- DEMENTIA RESEARCHER - https://www.dementiaresearcher.nihr.ac.uk -

Tools that help researchers see the big picture

Thanks to Stephen Phillips – Hostreviews.co.uk for sharing their work on Unsplash.

In January 2019, NASA announced that its Transiting Exoplanet Survey Satellite had discovered a planet about three times the diameter of Earth. The planet, orbiting a dwarf star 16 parsecs (53 light years) away, was found using sophisticated equipment including the satellite itself and the Magellan II telescope at Las Campanas Observatory in Chile.
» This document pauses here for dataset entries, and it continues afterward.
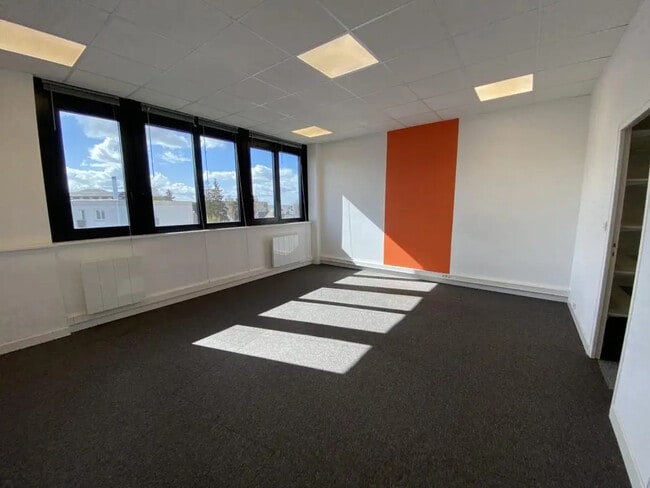 Plus de détails pour Bureau à vendre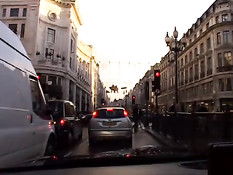 Горячая гей оргия в движущемся лимузине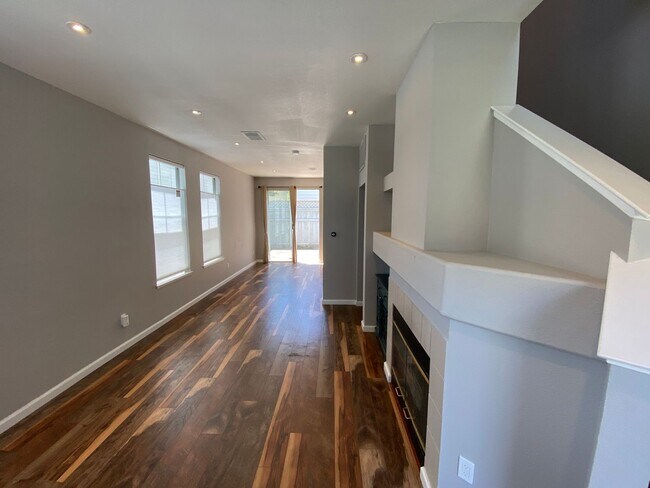 Foto del edificio - ALMADEN LAKE - Updated townhome with centr...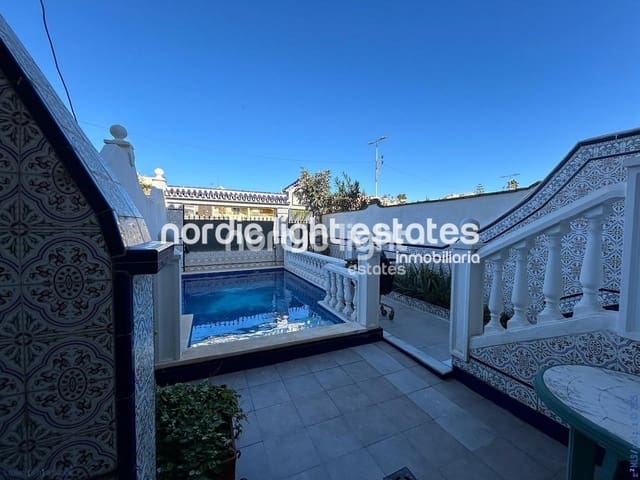 5 camera da letto Villetta Bifamiliare in vendita in La Cala del Moral, Rincón de la Victoria con piscina garage - 450.000 € (Rif: 8816567)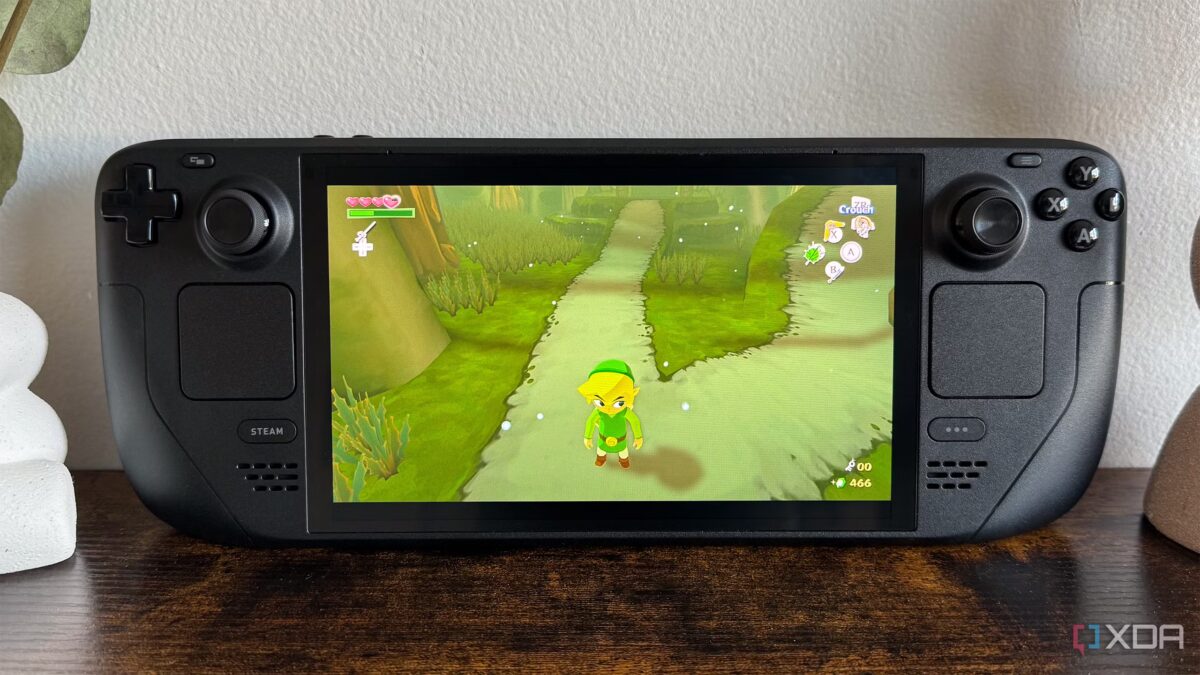 игровая консоль Steam Deck с экраном на панели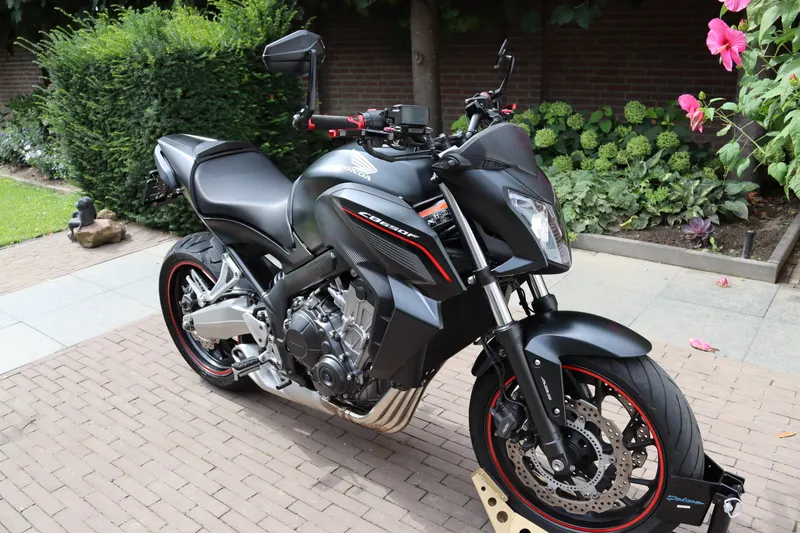 Honda CB650F (2014)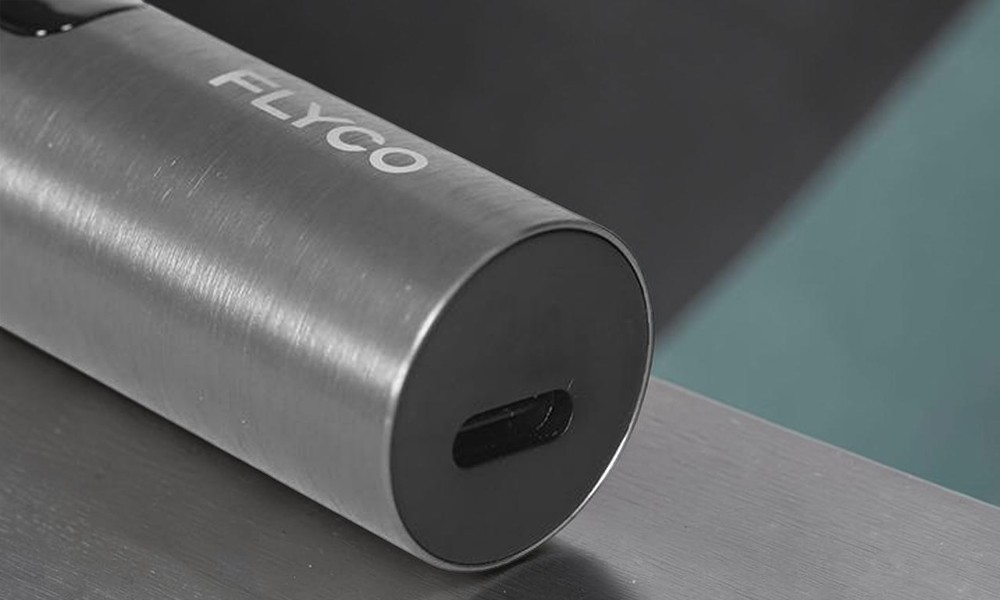 Máy Tỉa Lông Mũi Flyco FS5616 cho phép sạc linh hoạt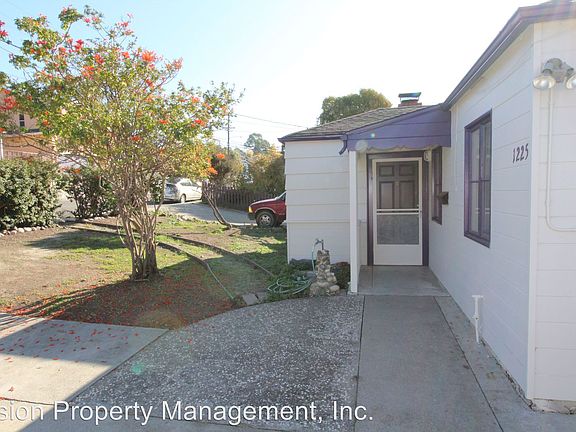 3rd image of 1225 Marin Ave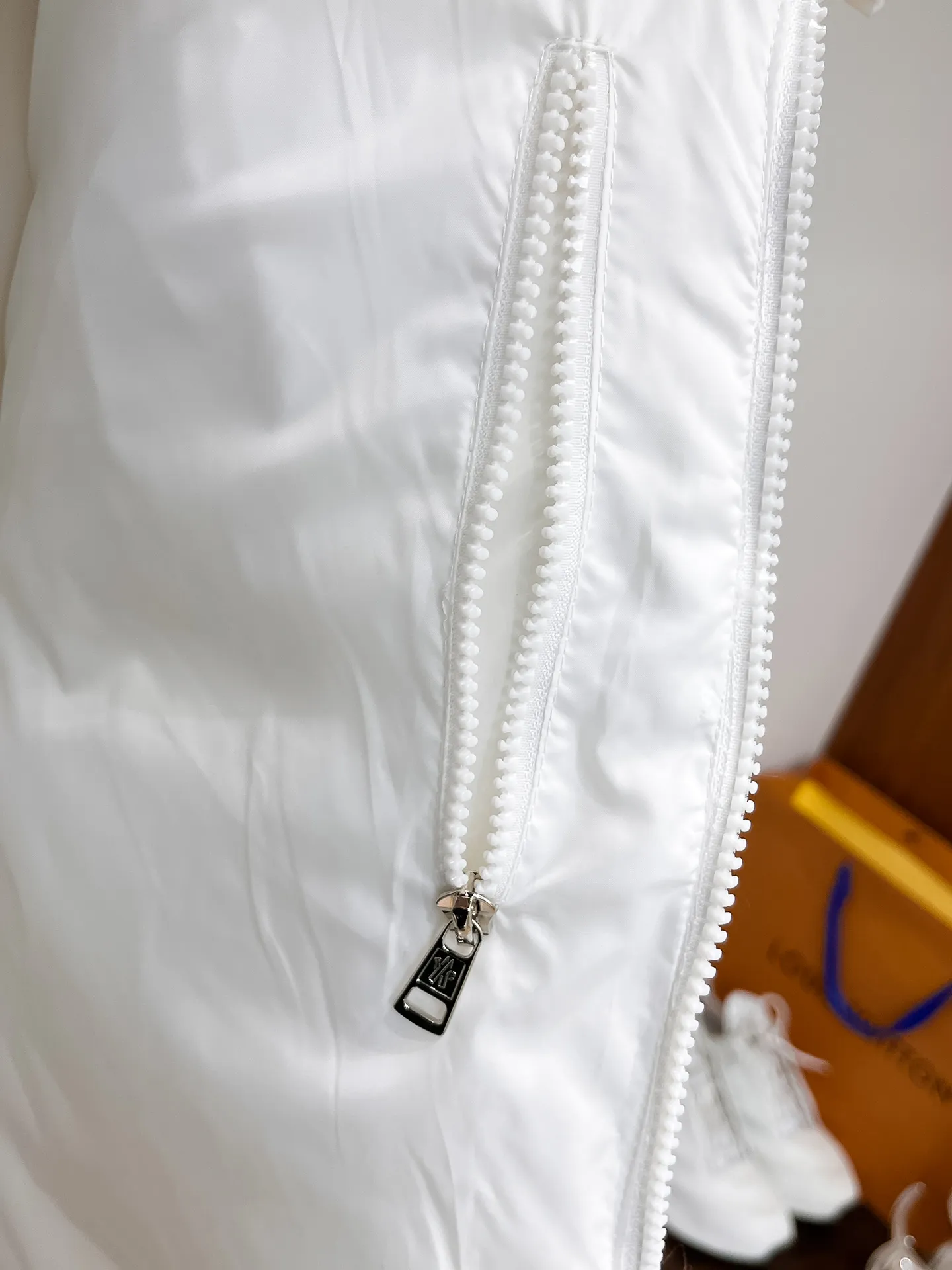 2026 New Arrival 。 Premium ， 90 Classic Logo ， ， ，Lightweight ， ， ！ ， ！ ， ， ， 。 ， ， ， ， ， 。 ！ Same Style Series！Sizes：M-3XL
But its discovery also relied on a more prosaic tool, says astronomer Johanna Teske: the project-management software Trello.

The five-university consortium that oversees the telescope uses Trello to track and manage the queue of astronomical targets that different teams want to observe, says Teske, who works at Carnegie Observatories in Pasadena, California. “The way that Trello organises information seemed very much in line with the type of information we wanted to capture,” she says, and it’s worked [1] well.

Popular project-management tools for research teams include Trello and Jira, both from the company Atlassian in Sydney, Australia, as well as Asana and GitHub project boards, both in San Francisco, California. These tools are more than simple to-do lists. They help teams to see the broad view of a project, allowing users to create and complete tasks, meet deadlines, capture detail-rich notes and provide templates for common protocols. The tagging functions of these tools allow managers to assign tasks to team members. If used well, they can make teams more efficient and minimize frustrations such as forgotten tasks and duplicated work.

In short, project-management tools and the managers who use them “connect the details with the high-level goals”, says Tracy Teal. As the executive director of Dryad, a non-profit repository for open data [2] in Durham, North Carolina, she uses several such tools.